I feel her begin again, beyond thought, beyond care, all I can know is the pain she is delivering, the brutality she is using upon my body. What is she using, I can't know, I can't care, how long will she use it, I can't know, I can't care, pain is my world, my only thought.
"I own you. You are nothing but property. Can you imagine what that means? You are nothing but a thing, a thing that exists to serve me. No different from my favorite chair. I use you to provide me comfort and pleasure just as I use my chair. I can abuse you as I desire, just like my chair. If you stop pleasing me, providing me all the comfort I desire, I can kick your ass to the curb, throw you away, and replace you, just like I can do with my chair. You had better work hard to please me, work hard to make sure that nothing and no one better comes along because if someone else could ever do better you will be thrown away, just as I'd do with an old chair. Remember your place, remember my place boy." She says to me.
She begins again, lighter this time, continuing with light strokes until my mind begins to function again, until I am able to think again, until the pain she creates no longer fills every crevice of my mind.

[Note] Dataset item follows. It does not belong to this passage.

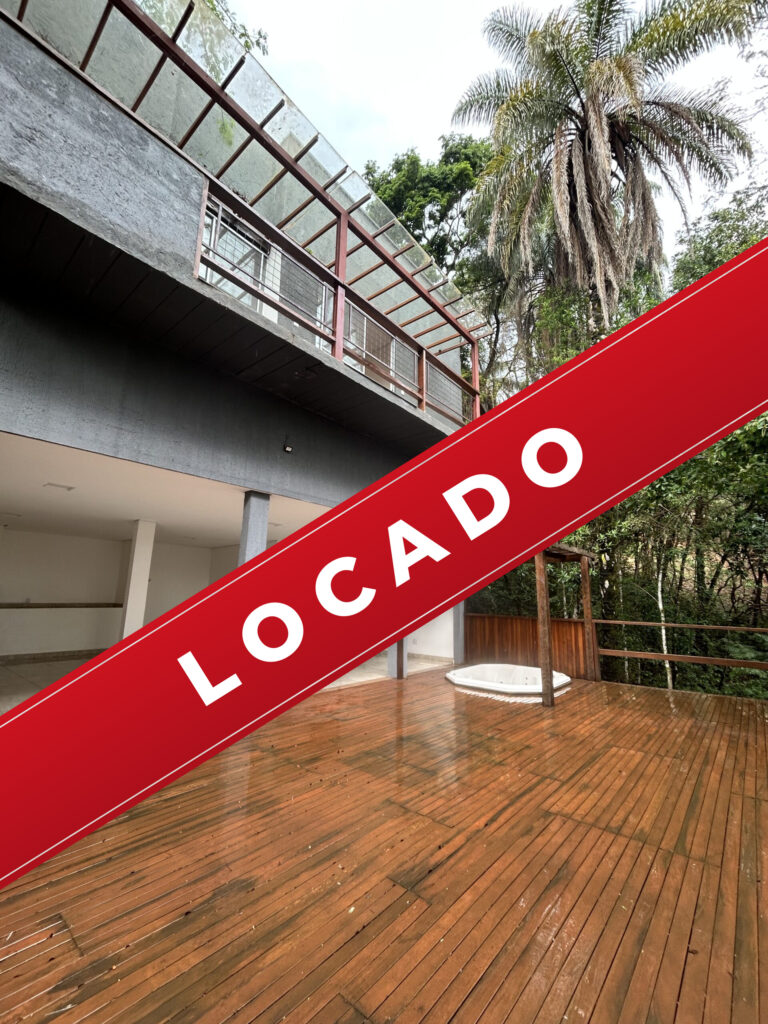 Casa contemporânea com deck, jacuzzi e vista para área de preservação no Condomínio Jardins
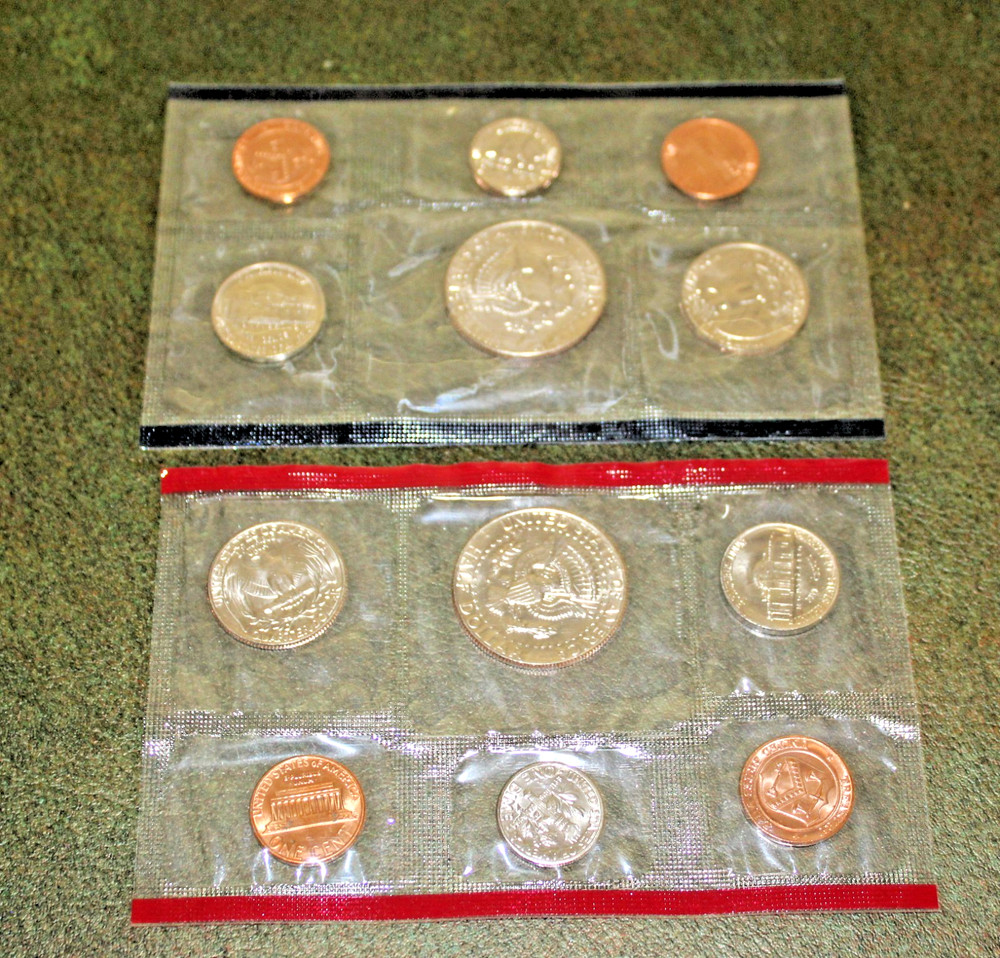 1984 Uncirculated P&D Mint Set in original envelope with COA & Insert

"Ten more bitch. Get ready for them. The most vicious I can deliver." She says and before my anticipation and fear can begin to grow she delivers them in quick succession, and explosion of pain blasting out all possible thought or feeling from my mind or soul.
Thus ends the first phase of my discipline. She begins to stroke my body, my brutalized ass, to add her body to the bonds holding me in place. To envelop me in her love and her warmth. I am grateful beyond belief, loving of her beyond imagination. We remain like this for quite some time, her aftercare a form of afterglow much as boring vanilla people might experience following intercourse.
"I must say that to put up with all of this, to suffer so much you must be a very stupid little man. It's not your fault though, for surely all men are stupid. They can only think with their worthless little cocks, and once a woman knows how to control the cock she can control the man." She said.